● **Your goal**
Beginning with the line that contains "Large Extending Mahogany", output each line below exactly through the last one, both included, and nothing else.
--
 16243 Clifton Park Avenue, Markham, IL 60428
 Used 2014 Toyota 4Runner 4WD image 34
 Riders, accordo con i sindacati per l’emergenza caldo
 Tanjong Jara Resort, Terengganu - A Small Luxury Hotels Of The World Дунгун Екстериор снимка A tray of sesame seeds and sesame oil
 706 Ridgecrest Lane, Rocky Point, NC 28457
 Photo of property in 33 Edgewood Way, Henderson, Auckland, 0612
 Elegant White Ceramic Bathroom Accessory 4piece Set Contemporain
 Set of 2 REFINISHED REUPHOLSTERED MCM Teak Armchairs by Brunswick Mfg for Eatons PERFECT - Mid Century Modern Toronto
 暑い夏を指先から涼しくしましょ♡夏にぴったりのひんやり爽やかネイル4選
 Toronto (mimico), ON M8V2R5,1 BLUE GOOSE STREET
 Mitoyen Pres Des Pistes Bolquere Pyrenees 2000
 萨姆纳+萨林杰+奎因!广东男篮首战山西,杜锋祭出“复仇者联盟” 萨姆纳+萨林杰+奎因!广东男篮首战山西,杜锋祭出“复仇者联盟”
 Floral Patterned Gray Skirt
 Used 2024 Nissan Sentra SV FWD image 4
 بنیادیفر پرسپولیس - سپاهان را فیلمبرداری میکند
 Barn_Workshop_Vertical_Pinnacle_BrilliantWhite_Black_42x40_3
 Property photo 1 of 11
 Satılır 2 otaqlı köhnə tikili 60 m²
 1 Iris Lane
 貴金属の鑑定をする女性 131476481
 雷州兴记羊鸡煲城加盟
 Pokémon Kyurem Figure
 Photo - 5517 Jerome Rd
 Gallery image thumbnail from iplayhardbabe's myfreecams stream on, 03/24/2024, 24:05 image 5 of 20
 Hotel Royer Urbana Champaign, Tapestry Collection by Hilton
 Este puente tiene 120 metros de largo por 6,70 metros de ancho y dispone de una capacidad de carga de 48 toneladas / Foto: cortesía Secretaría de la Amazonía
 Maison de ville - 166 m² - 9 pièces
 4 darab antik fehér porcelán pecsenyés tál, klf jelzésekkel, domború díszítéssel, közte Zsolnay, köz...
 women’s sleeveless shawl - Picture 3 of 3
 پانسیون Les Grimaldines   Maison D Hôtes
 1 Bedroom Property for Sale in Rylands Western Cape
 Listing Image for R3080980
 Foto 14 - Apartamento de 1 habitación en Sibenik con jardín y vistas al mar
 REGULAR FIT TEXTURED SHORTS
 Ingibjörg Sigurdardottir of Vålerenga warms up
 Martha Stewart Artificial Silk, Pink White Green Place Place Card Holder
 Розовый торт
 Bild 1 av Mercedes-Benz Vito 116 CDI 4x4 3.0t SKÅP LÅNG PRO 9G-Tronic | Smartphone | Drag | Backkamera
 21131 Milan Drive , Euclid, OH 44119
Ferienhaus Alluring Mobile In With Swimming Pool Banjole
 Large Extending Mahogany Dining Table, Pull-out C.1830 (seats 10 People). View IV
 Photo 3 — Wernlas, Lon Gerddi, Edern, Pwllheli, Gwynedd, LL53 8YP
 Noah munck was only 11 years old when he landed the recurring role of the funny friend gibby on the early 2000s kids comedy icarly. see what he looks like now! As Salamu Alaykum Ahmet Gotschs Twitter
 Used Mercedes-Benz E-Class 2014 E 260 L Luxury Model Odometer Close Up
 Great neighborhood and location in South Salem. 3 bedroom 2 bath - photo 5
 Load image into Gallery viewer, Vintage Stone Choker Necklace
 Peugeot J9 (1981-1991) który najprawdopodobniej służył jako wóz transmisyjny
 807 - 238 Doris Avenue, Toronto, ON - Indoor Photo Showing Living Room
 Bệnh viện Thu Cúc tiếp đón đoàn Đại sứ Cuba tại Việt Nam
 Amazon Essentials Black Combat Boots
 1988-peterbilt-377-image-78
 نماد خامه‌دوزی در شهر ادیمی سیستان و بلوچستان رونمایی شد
--
● **Result of the exercise**
 Large Extending Mahogany Dining Table, Pull-out C.1830 (seats 10 People). View IV
 Photo 3 — Wernlas, Lon Gerddi, Edern, Pwllheli, Gwynedd, LL53 8YP
 Noah munck was only 11 years old when he landed the recurring role of the funny friend gibby on the early 2000s kids comedy icarly. see what he looks like now! As Salamu Alaykum Ahmet Gotschs Twitter
 Used Mercedes-Benz E-Class 2014 E 260 L Luxury Model Odometer Close Up
 Great neighborhood and location in South Salem. 3 bedroom 2 bath - photo 5
 Load image into Gallery viewer, Vintage Stone Choker Necklace
 Peugeot J9 (1981-1991) który najprawdopodobniej służył jako wóz transmisyjny
 807 - 238 Doris Avenue, Toronto, ON - Indoor Photo Showing Living Room
 Bệnh viện Thu Cúc tiếp đón đoàn Đại sứ Cuba tại Việt Nam
 Amazon Essentials Black Combat Boots
 1988-peterbilt-377-image-78
 نماد خامه‌دوزی در شهر ادیمی سیستان و بلوچستان رونمایی شد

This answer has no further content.